No Brasil o tráfico de crack tem suas origens na cidade de São Paulo tendo o primeiro relato de apreensão policial da substância ocorrido em em 1991, de acordo com Oliveira e Nappo (2008). A partir dessa primeira apreensão, houve um aumento progressivo de apreensões progredindo de 204 registros em 1993 para 1.906 casos em 1995, demonstrando a rápida popularização do crack em território brasileiro. Os traficantes e suas habilidosas estratégias de mercado contribuíram a esse processo. Os autores informam que a princípio, como ainda era desconhecido, para facilitar a apresentação do crack e a adesão por parte do usuário, os traficantes esgotaram as reservas de outras drogas nos pontos de distribuição, disponibilizando apenas crack. Logo, diante da falta de alternativas, os usuários viram-se obrigados a optar e aderir ao seu uso.
Assim, o comércio e uso de crack se tornaram visíveis, até pela presença maciça de usuários que consomem a substância em espaços públicos principalmente com a disseminação de lugares popularmente conhecidos como “cracolândias”. Tal situação passou a receber a atenção de diferentes setores que passaram a “dar voz” ao problema, tais como Igrejas, profissionais de saúde, a mídia, atores indiretamente afetados que cobram e empreendem esforços para a resolução do problema que consideram prejudicial. Dentre as ações cobradas e ofertadas pelo poder público, estão as repressivas, de controle e de policiamento.

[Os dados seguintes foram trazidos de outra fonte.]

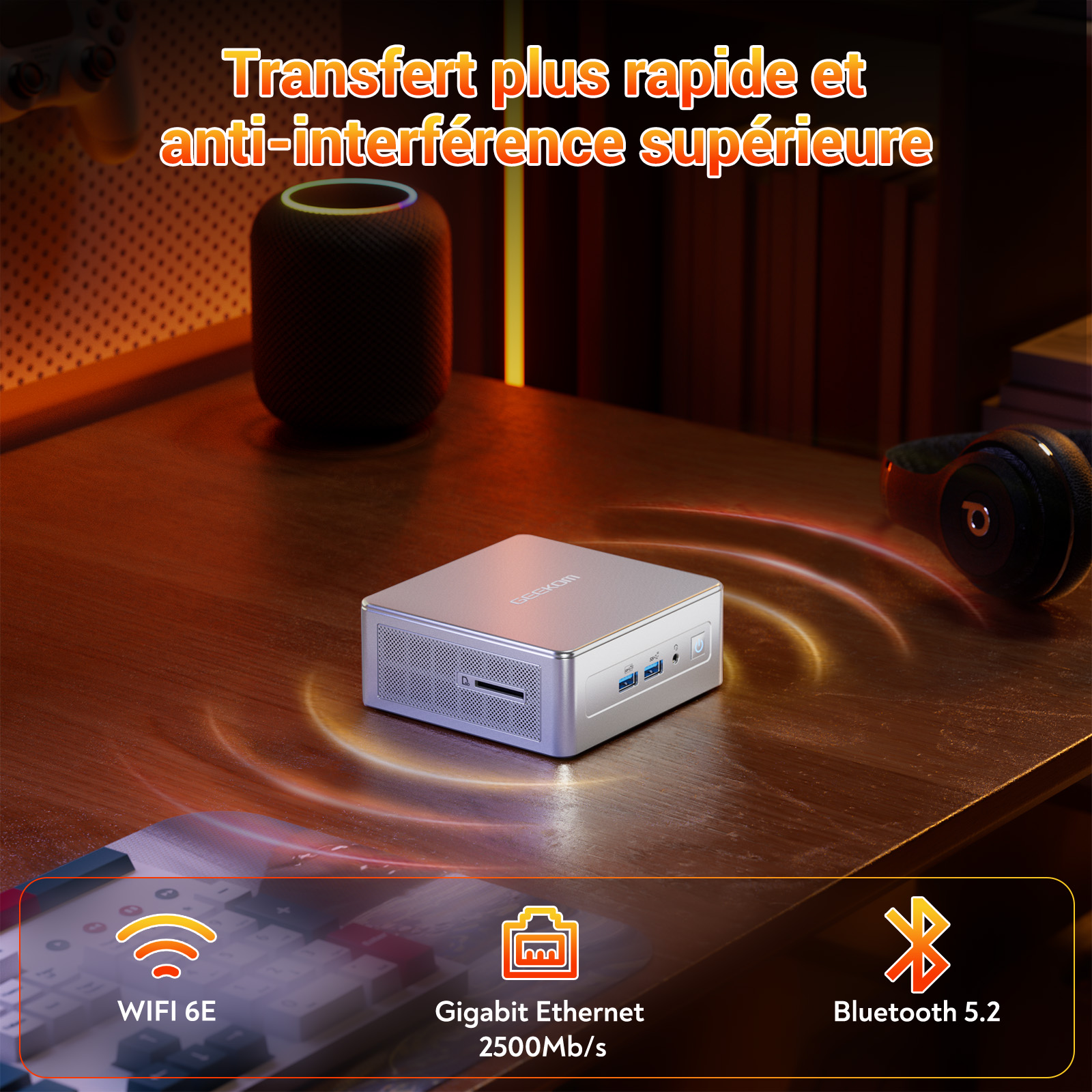 Mini PC GEEKOM AE8 - Processeur AMD Ryzen 9 8945HS - Graphiques AMD ...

Para tanto delineou-se uma etnografia tendo em perspectiva a compreensão de Clifford (2002) para quem a etnografia deve ser pensada como uma negociação construída entre o pesquisador e seus interlocutores, entendidos como sujeitos conscientes e politicamente significativos. Dessa forma a etnografia se realizou em interlocução à quatro mulheres negras, pobres, todas na faixa etária maior de 60 anos e moradoras da Favela do Oitão Preto. As temáticas que subsidiam a pesquisa surgiram a partir de diálogos com essas mulheres a quem visitei e de situações presenciadas a partir dos itinerários transcorridos. Assim, os diálogos foram sistematizados e organizados em pequenas narrativas, entendendo a etnografia como uma interpretação possível e sempre parcial de dados.

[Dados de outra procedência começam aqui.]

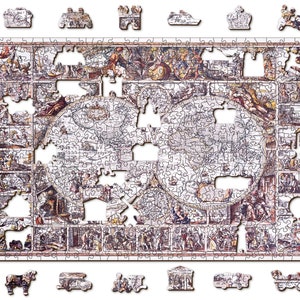 Houten legpuzzel "Map The Age of Exploration" 500 stukjes Volwassenen Kinderen Kleurrijk Ongewoon gevormde stukken Houten.Stad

Na perspectiva deste artigo, cabe, no entanto, “olhar” para as narrativas que estão presentes nos contextos de venda de drogas e constituem o que podemos chamar de “ciclo do microcomércio doméstico de drogas” e que envolve atores sociais que estão em o espaço de vendas, dá economia de crack e atendimento a esses indivíduos. Assim, privilegia -se uma discussão teórica com base no que se obtém como produto da pesquisa, tendo em vista a necessidade de delimitar as discussões às normas operativas deste documento.
Desarrollo:
O microcomércio doméstico de crack na Favela do Oitã oPreto
Na Favela do Oitão Preto, a adesão às atividades de venda de drogas é algo bem heterogêneo se levado em consideração o sexo, idade e estilo de vida. Neste local está construída uma estrutura de ilegalismos que se desenvolvem em uma tênue fronteira entre as escassas oportunidades de trabalho formal e legal e as múltiplas formas de inserção em atividades ilegais sendo a venda de drogas “em casa” uma atividade pouco complexa e capaz de abranger um grupo heterogêneo de participantes inclusive mulheres e velhos.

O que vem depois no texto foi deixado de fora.